Matplotlib

Introduction

Matplotlib is a Python 2D plotting library which produces publication quality figures in a variety of hardcopy formats and interactive environments across platforms. Matplotlib can be used in Python scripts, the Python and IPython shell, the jupyter notebook, web application servers, and four graphical user interface toolkits.

Installation

sudo pip3 install matplotlib

In [12]:
import matplotlib.pyplot as plt
import pandas as pd

You'll also need to use this line to see plots in the notebook:


In [2]:
%matplotlib inline

That line is only for jupyter notebooks, if you are using another editor, you'll use: plt.show() at the end of all your plotting commands to have the figure pop up in another window.

Using global functions

  • plt.bar – creates a bar chart
  • plt.scatter – makes a scatter plot
  • plt.boxplot – makes a box and whisker plot
  • plt.hist – makes a histogram
  • plt.plot – creates a line plot

In [3]:
import numpy as np
x = np.linspace(0, 5, 11)
y = x ** 2

In [4]:
plt.plot(x, y ,'r--')
#plt.plot(x, y ,'b--')


Out[4]:
[<matplotlib.lines.Line2D at 0x7fc3de779e48>]

In [5]:
x = np.arange(5)        
y = (20, 35, 30, 35, 27)
plt.bar(x,y)


Out[5]:
<Container object of 5 artists>

In [6]:
import numpy as np
x = np.linspace(0, 5, 11)
y = x ** 2
plt.scatter(x,y)


Out[6]:
<matplotlib.collections.PathCollection at 0x7fc3de6bb518>

In [7]:
plt.subplot(1,2,1)
plt.plot(x, y, 'r--')
plt.subplot(1,2,2)
plt.plot(y, x, 'g*-');



In [8]:
data = [np.random.normal(0, std, 100) for std in range(1, 4)]
plt.boxplot(data,vert=True,patch_artist=True);



Matplotlib Object Oriented Method

Now that we've seen the basics, let's break it all down with a more formal introduction of Matplotlib's Object Oriented API. This means we will instantiate figure objects and then call methods or attributes from that object.


In [13]:
X = pd.read_csv('Datasets/matplot/X.csv')
Y = pd.read_csv('Datasets/matplot/Y.csv')

In [15]:
import matplotlib.patches as mpatches

In [21]:
fig, axes = plt.subplots(1, 2, figsize=(20,8))

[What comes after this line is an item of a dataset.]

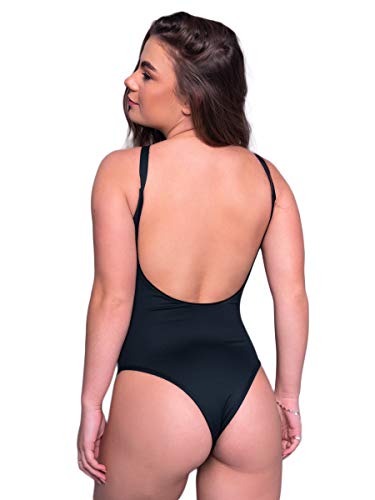 Maiô Decote Cavado Costas Cut Moda Verão Sunset (M, Black Summer)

axes[0].scatter(X['ENSG00000141448.7'],X['ENSG00000178401.13'], c = Y['0'] , marker='o',cmap = 'jet',s=30)
axes[1].scatter(X['ENSG00000006611.14'],X['ENSG00000106078.16'], c = Y['0'] , marker='o', cmap='jet', s = 30)
## add details
axes[0].legend(handles=[mpatches.Patch(color='red', label='bladder'),mpatches.Patch(color='green', label='colorectal'),mpatches.Patch(color='blue', label='pancreas')],fontsize = 15)
axes[1].legend(handles=[mpatches.Patch(color='red', label='bladder'),mpatches.Patch(color='green', label='colorectal'),mpatches.Patch(color='blue', label='pancreas')],fontsize = 15)
#labelxy
axes[0].set_xlabel('feature1')
axes[0].set_ylabel('feature2')
axes[1].set_xlabel('feature1')
axes[1].set_ylabel('feature2')
#name of figure.
axes[0].set_title("figure 1.2")
axes[1].set_title("figure 1.3")


Out[21]:
Text(0.5,1,'figure 1.3')

In [23]:
import seaborn as sns

Data

Seaborn comes with built-in data sets!


In [37]:
tips = sns.load_dataset('tips')

tips.head()


Out[37]:
total_bill tip sex smoker day time size
0 16.99 1.01 Female No Sun Dinner 2
1 10.34 1.66 Male No Sun Dinner 3
2 21.01 3.50 Male No Sun Dinner 3
3 23.68 3.31 Male No Sun Dinner 2
4 24.59 3.61 Female No Sun Dinner 4

distplot

The distplot shows the distribution of a univariate set of observations.


In [50]:
sns.distplot(tips['total_bill'],bins=30)


Out[50]:
<matplotlib.axes._subplots.AxesSubplot at 0x7fc3c67c5cf8>

In [ ]:

To remove the kde layer and just have the histogram use:


In [55]:
sns.distplot(tips['total_bill'],kde=False,bins=30)


Out[55]:
<matplotlib.axes._subplots.AxesSubplot at 0x7fc3c6634898>

jointplot() allows you to basically match up two distplots for bivariate data. With your choice of what kind parameter to compare with:

  • “scatter”
  • “reg”
  • “resid”
  • “kde”
  • “hex”

In [40]:
sns.jointplot(x='total_bill',y='tip',data=tips,kind='scatter')


Out[40]:
<seaborn.axisgrid.JointGrid at 0x7fc3c703aa58>

In [45]:
sns.jointplot(x='total_bill',y='tip',data=tips,kind='hex')


Out[45]:
<seaborn.axisgrid.JointGrid at 0x7fc3c6a09860>

In [57]:
sns.jointplot(x='total_bill',y='tip',data=tips,kind='reg')


Out[57]:
<seaborn.axisgrid.JointGrid at 0x7fc3c6645eb8>

pairplot

pairplot will plot pairwise relationships across an entire dataframe (for the numerical columns) and supports a color hue argument (for categorical columns).


In [43]:
sns.pairplot(tips)


Out[43]:
<seaborn.axisgrid.PairGrid at 0x7fc3c70402b0>

In [44]:
sns.pairplot(tips,hue='sex',palette='coolwarm')


Out[44]:
<seaborn.axisgrid.PairGrid at 0x7fc3c72f7710>